With the end of summer, we have new leadership, who we will be profiling in the next couple of newsletters. This month’s Feature Member is our new President, Natalie Kempkey.
Please note your affiliation and years of experience in the energy and/or environmental field.
As an Economist with the U.S. Energy Information Administration (EIA) for almost 6 years, my area of expertise lies primarily in the international upstream oil and gas sectors. I conduct trend analysis, anticipate the impact these changes have on EIA data, and prepare short and mid-term supply forecasts with a focus on Western Hemisphere.

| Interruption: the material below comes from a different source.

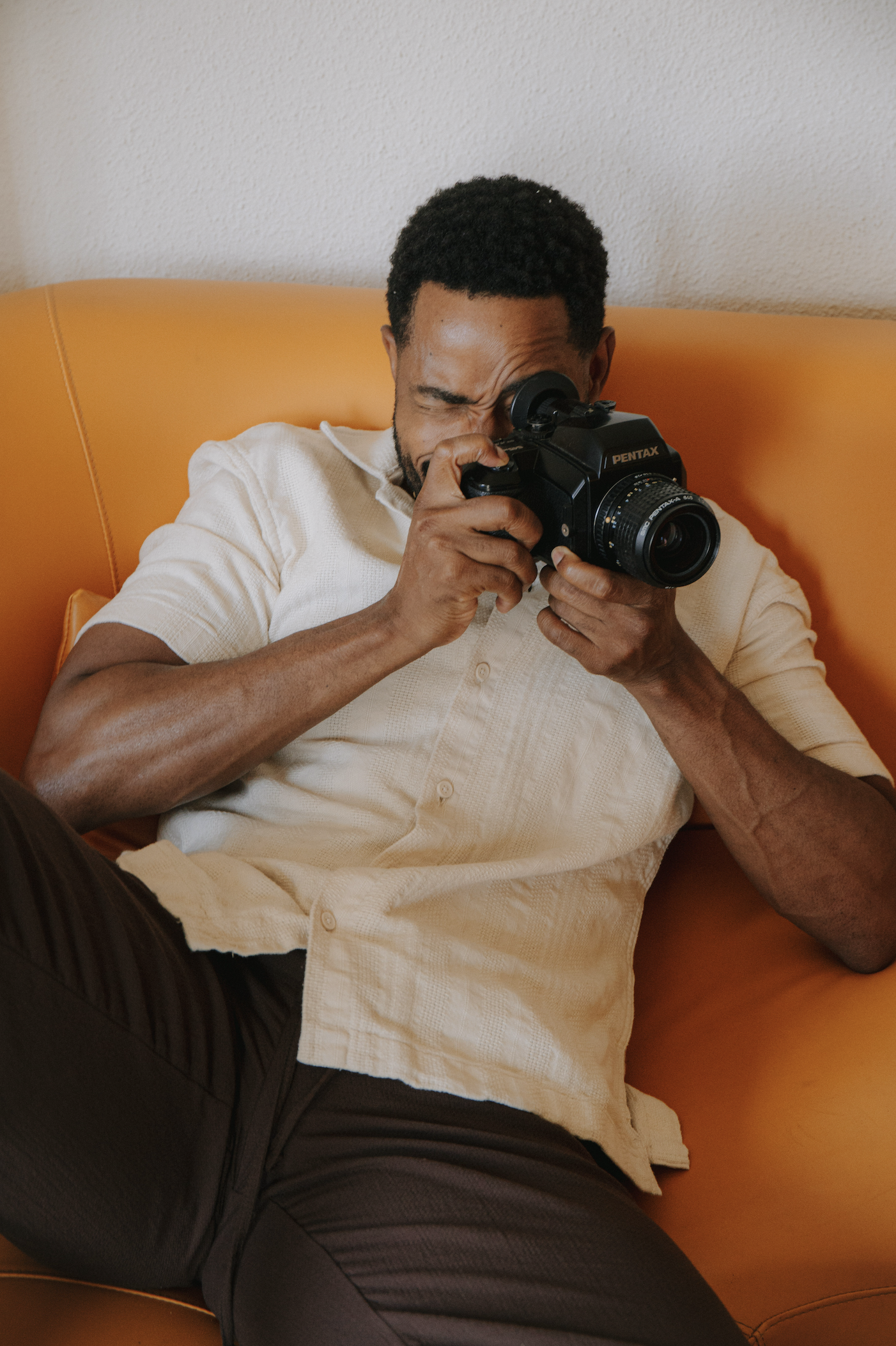 slow-sunday-creatives-kris-ryan-jay-ellis-home-13.png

Prior to the EIA, I worked as a Policy Analyst at the U.S. Department of Energy evaluating policies and programs focusing on energy efficiency and end-use analysis in buildings, manufacturing and industrial facilities, appliance standards, and transportation. I have over 15 years of experience focusing on electricity, grid infrastructure and modernization and energy efficiency. My experience also includes international trade expertise, having worked for the U.S. Commercial Service and the U.S. Department of Commerce. I specialized in export counseling and conducted investigations to enforce U.S. antidumping duty (AD) and countervailing duty (CVD) trade laws.

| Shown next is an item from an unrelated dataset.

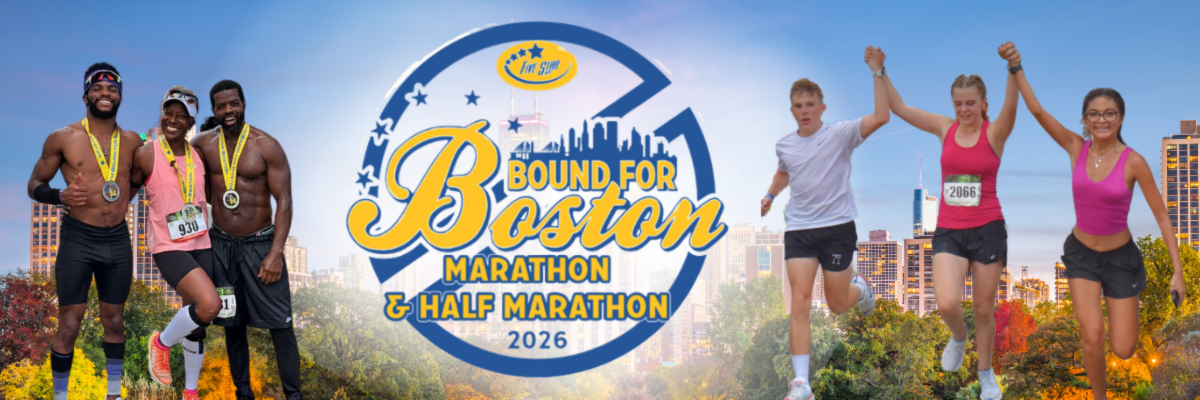 Coureurs franchissant la ligne d'arrivée du Bound for Boston Marathon avec le logo de l'événement et la skyline d'Atlanta en arrière-plan.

I have authored multiple publications in trade journals, ranging from international energy oil and gas analysis, energy productivity, the economics of international water disputes, to statistical analysis of annual trade flows. I hold a Masters of Arts in International Economics, Energy and Environmental Policy from the Johns Hopkins School for Advanced International Studies (SAIS). I completed my Bachelor of Arts in Economics at the University of California, Davis.
Any particular achievement/interest in energy/environment you would like to mention?
During my time in the Policy Office under Secretary Moniz, I helped develop the Quadrennial Energy Review (QERs). The QERs were a non-partisan report that provided policymakers, industry, investors, and other stakeholders with unbiased data and analysis on energy challenges, needs, requirements, and barriers that will inform a range of policy options, including legislation. It was very rewarding to engage with stakeholders across the country and to be involved in a unique sector by sector analysis to envision the future of energy in America.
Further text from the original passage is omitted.